■ Required action: Use the entries below and reproduce exactly the lines from the one containing "Karácsonyi műanyag kistálca" down to the one containing "ebuy24 Comit Vitrinenschrank", both of them included.

(Dataset excerpts)
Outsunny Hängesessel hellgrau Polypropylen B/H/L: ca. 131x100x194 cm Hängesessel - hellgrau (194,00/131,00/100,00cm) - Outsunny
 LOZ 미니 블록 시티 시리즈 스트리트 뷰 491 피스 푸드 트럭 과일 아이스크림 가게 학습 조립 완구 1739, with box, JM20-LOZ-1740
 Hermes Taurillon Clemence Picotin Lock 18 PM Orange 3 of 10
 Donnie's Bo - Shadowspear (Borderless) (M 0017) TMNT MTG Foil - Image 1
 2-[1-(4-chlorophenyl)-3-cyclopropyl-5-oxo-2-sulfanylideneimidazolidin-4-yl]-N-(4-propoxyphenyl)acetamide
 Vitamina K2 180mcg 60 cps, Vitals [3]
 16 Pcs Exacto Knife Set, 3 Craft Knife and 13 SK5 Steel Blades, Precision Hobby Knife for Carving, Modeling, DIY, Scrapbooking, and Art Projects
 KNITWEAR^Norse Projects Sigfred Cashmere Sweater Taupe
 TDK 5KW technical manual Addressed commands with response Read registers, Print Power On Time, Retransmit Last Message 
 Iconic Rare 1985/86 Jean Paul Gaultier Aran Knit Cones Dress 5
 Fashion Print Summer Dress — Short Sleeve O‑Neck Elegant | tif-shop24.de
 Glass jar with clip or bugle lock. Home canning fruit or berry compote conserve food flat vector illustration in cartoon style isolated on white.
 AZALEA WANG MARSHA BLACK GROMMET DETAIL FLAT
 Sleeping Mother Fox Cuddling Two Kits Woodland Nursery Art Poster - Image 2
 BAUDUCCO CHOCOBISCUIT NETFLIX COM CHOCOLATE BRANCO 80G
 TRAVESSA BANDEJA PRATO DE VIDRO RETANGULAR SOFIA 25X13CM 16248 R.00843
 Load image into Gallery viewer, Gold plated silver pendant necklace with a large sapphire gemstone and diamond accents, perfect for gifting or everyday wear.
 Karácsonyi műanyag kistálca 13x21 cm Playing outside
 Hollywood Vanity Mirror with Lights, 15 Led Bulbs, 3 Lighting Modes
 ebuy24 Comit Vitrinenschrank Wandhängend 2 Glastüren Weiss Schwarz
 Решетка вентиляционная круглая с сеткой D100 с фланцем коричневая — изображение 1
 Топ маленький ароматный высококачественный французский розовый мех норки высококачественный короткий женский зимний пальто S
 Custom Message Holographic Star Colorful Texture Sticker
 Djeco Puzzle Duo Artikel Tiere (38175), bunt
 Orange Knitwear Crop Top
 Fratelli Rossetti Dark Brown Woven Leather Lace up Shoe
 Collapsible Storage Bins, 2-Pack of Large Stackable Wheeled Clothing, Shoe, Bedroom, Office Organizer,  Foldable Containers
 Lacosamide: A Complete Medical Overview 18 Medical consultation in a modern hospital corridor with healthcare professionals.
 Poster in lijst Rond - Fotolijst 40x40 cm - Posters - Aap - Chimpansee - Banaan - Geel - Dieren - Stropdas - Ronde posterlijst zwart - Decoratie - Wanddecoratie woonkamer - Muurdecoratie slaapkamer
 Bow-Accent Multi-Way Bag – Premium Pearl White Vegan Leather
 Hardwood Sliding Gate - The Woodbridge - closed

■ Response area:
 Karácsonyi műanyag kistálca 13x21 cm Playing outside
 Hollywood Vanity Mirror with Lights, 15 Led Bulbs, 3 Lighting Modes
 ebuy24 Comit Vitrinenschrank Wandhängend 2 Glastüren Weiss Schwarz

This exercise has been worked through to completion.